The party's own leader in that council says it was because "there
is an agreement" and says no more. Need he say anymore?
The
UNP leadership might have grander plans of sidelining the JVP and
splitting the PA, but nowhere in all this political skulduggery
is there any discussion of the fundamental question here: The contents
of the charges in the vote of no-confidence which include.
1.
Requesting a commission of Rs. 5 million for garbage disposal, 2.
Having sold some transport permit, 3. Misusing Council funds by
allowing personal staff to draw monthly allowances not entitled
to, 4. Requesting a commission from a British company for an electricity
project, and the gory list goes on.
The
UNP has forsaken its political principles at the altar of political
expediency. This is indeed typical of the conduct that has repeatedly
brought the UNP defeat at the hands of a disgusted electorate.
On
the other hand, the President's actions are indicative of her position
as the head of a tottering Government and a divided State.
Having
first tried to talk the JVP out of supporting the UNP vote of no-confidence
against Cooray and failed, she prorogued the elected Council, resorting
to the practice started by the beleaguered President R. Premadasa
when he prorogued Parliament in 1992. President Kumaratunga blithely
exercises this Presidential privilege.
Then,
she went on to appoint a committee - her own appointees - to inquire
into the very serious allegations contained in the vote of no-confidence.

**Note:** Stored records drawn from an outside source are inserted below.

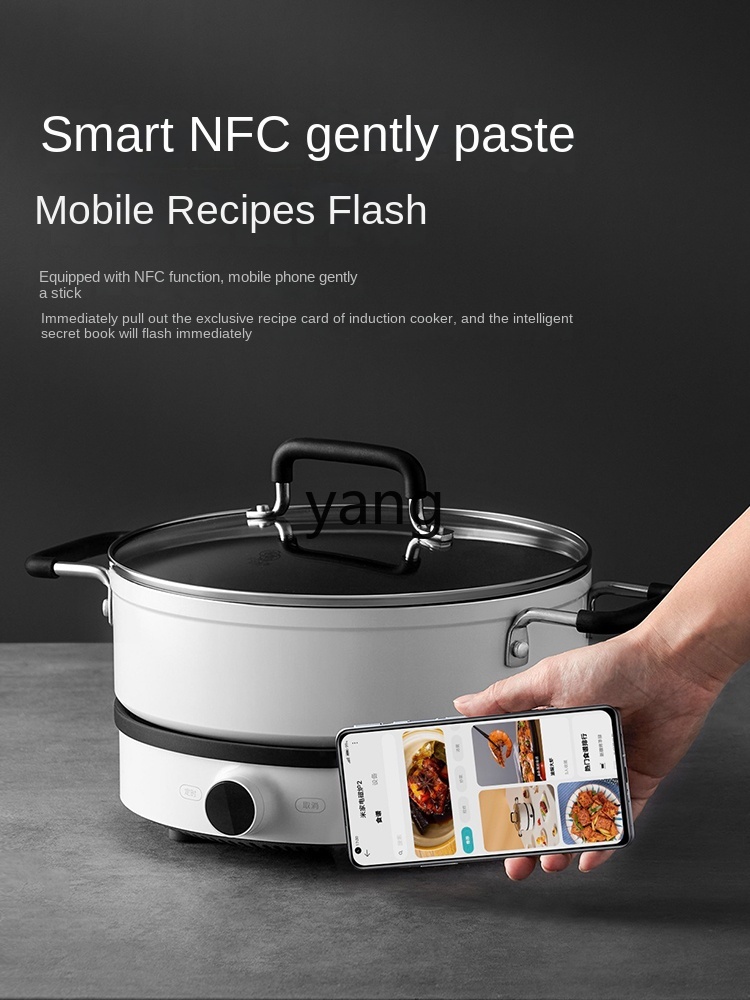 LMM  Induction Cooker Househol - Induction Cooker ulasan dan harga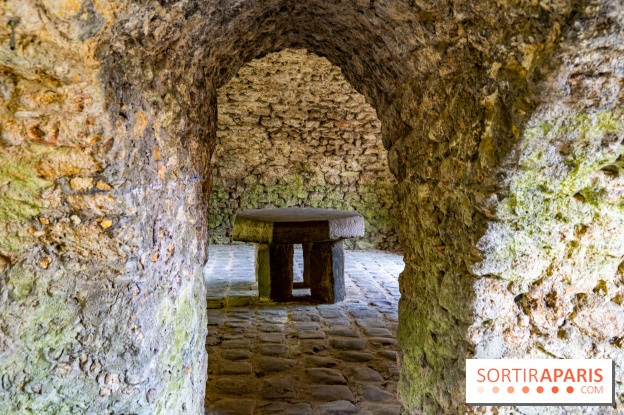 La promenade des petits ponts dans la vallée de Chevreuse -  A7C3877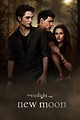 The Twilight Saga: New Moon (2009) - Posters — The Movie Database (TMDB)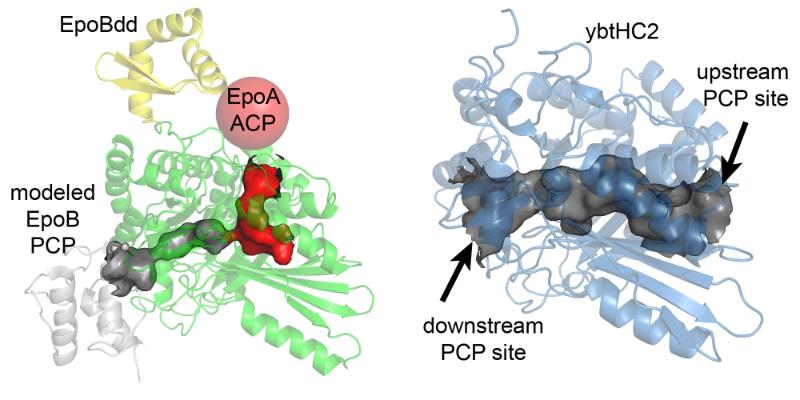 Diagram: NRPS Cy Domains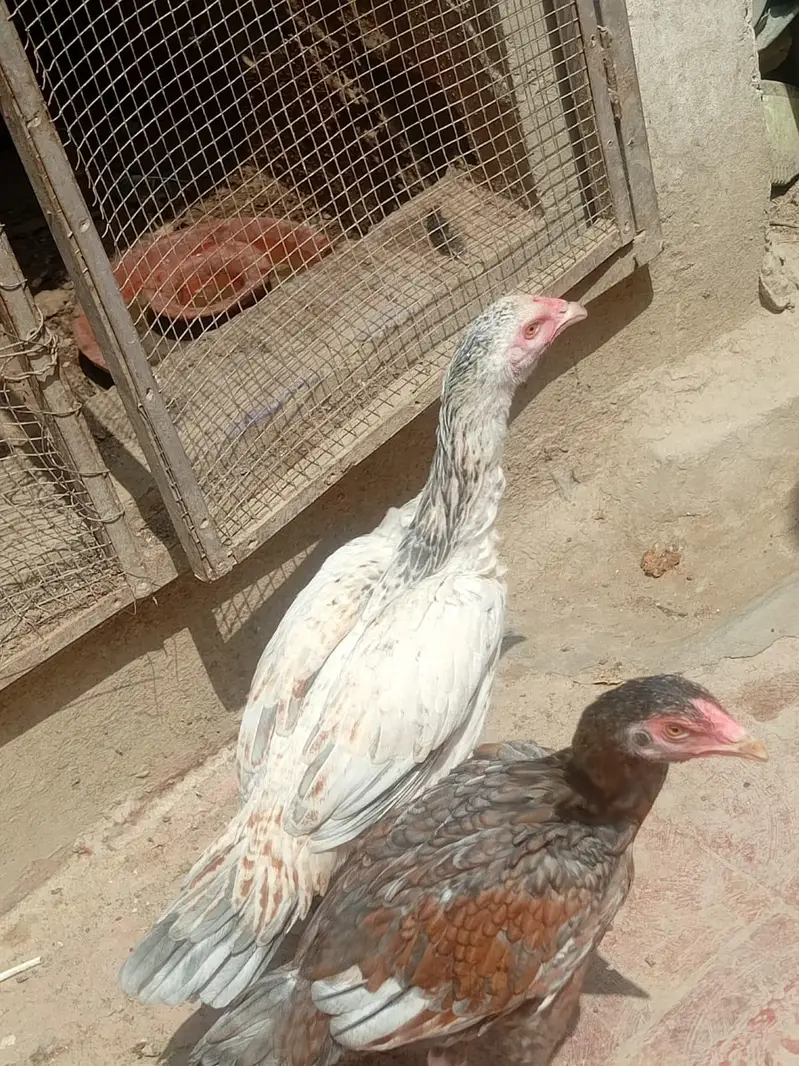 Pure Aseel chickens for sale — photo 8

And to compound this by-passing of the decision to probe the Chief
Minister by a majority of the Council's elected members, up-to-date
nothing has been heard from this Committee.
Instead
of meeting the allegations, which if proven, should disqualify Mr.
Cooray for life from political office he has taken advantage of
the political fall-out of the JVP from the UPFA, and happily occupies
the exalted seat of the Honourable Chief Minister of the Western
Province in addition to being minister in charge of numerous ministries
to boot.
Such
is the political conduct that we are witnessing at a national-level
as well. Politics being the art of the possible, has been turned
into a fine art of the possible, but the picture is so smudged and
ugly.
We
have long said that the Provincial Council system was forced down
the nation's throat by the Indians to appease the LTTE in 1987.
This it obviously has not done. Instead it has been a useless white
elephant reeking with corruption and soaking up public funds for
its own administration. It has duplicated and complicated local
administration, is enveloped in nepotism and is the breeding ground
for political parasites.
It
is plain to the common man that it has long outlived its purpose
but the PA constituent partners and the JVP who burnt buses and
power-lines opposing its introduction in 1987 having benefited from
its largesse at the expense of the poor public -- vehicles, free
diesel, fax machines, telephones and the like -- have been blinded
to the folly of this useless system for nearly 20 years now.
All
parties need to take stock of this reality. We have advocated a
system closer to the District Development Council system of the
1980s as a form of better devolution of power to the peripheral
areas, with the accent on development.
The
Tamil parties that did not want the District Development Councils
were probably right when they said that the Jaffna DDC elections
were rigged - but their bigger objection which they never articulated
was that the District was too small a unit for their larger objective
of creating a contiguous land mass in the North and East extending
from Jaffna to Ampara.
That
was the reason for the merged North and East Provincial Council
introduced for a year-in 1987 - and now recast in a miniature ISGA
(Interim Self-Governing Authority) in the form of a P-TOMS (Post-Tsunami
Operations Management Structure).
But
while the focus has been on the North and East, the Provincial Council
system is simply creating havoc in the rest of the country. And
the shenanigans at the Western Provincial Council these past weeks
- the largest of all councils with as many as 102 elected members
- bear ample testimony to this farce.